## Required action
Every line of the material is to be returned verbatim. Pictures stay out.

## Provided data
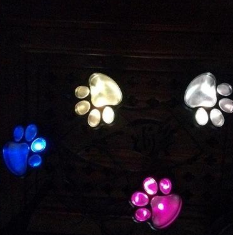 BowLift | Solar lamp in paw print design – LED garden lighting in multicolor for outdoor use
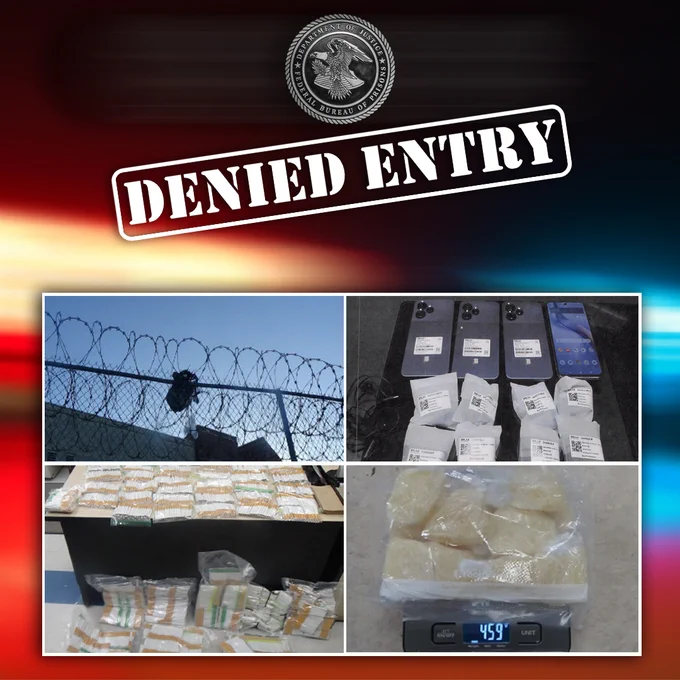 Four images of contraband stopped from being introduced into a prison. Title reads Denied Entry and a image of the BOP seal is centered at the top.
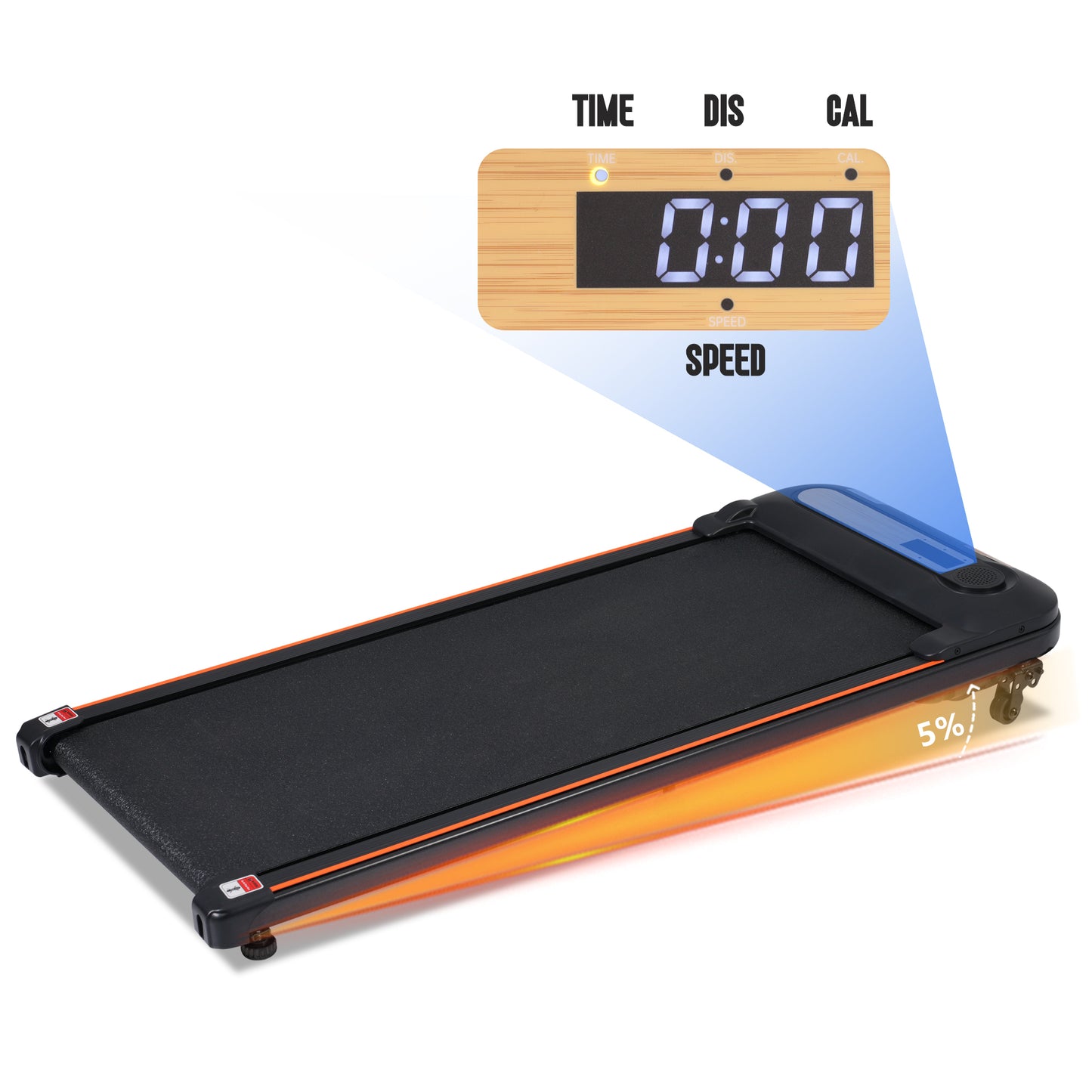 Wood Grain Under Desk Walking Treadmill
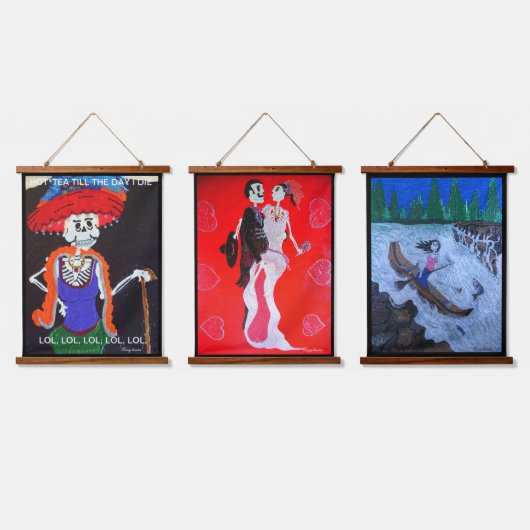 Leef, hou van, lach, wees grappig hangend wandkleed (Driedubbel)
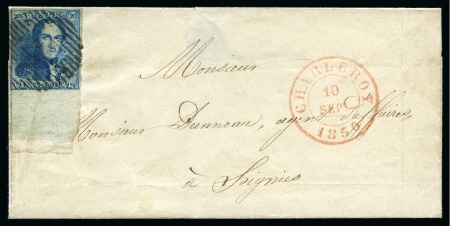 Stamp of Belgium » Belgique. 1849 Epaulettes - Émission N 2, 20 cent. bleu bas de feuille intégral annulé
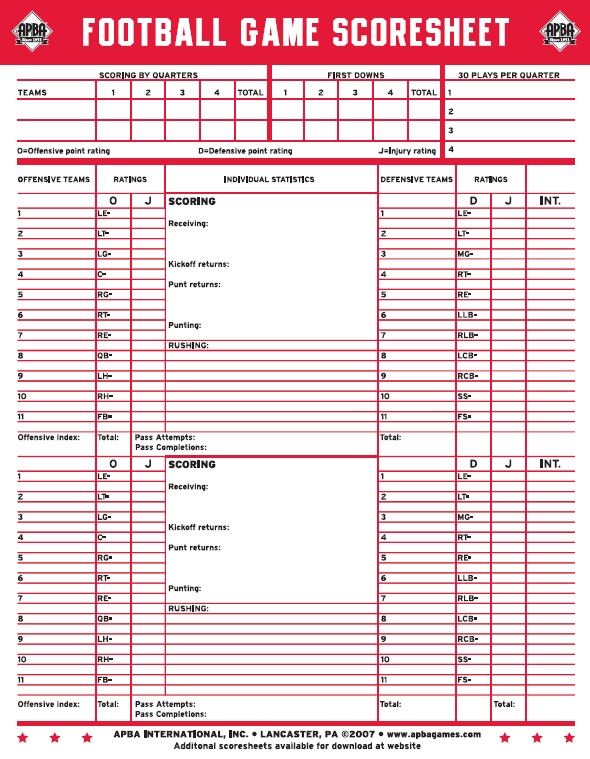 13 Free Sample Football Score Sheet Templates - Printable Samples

## Finished exercise
 BowLift | Solar lamp in paw print design – LED garden lighting in multicolor for outdoor use
 Four images of contraband stopped from being introduced into a prison. Title reads Denied Entry and a image of the BOP seal is centered at the top.
 Wood Grain Under Desk Walking Treadmill
 Leef, hou van, lach, wees grappig hangend wandkleed (Driedubbel)
 Stamp of Belgium » Belgique. 1849 Epaulettes - Émission N 2, 20 cent. bleu bas de feuille intégral annulé
 13 Free Sample Football Score Sheet Templates - Printable Samples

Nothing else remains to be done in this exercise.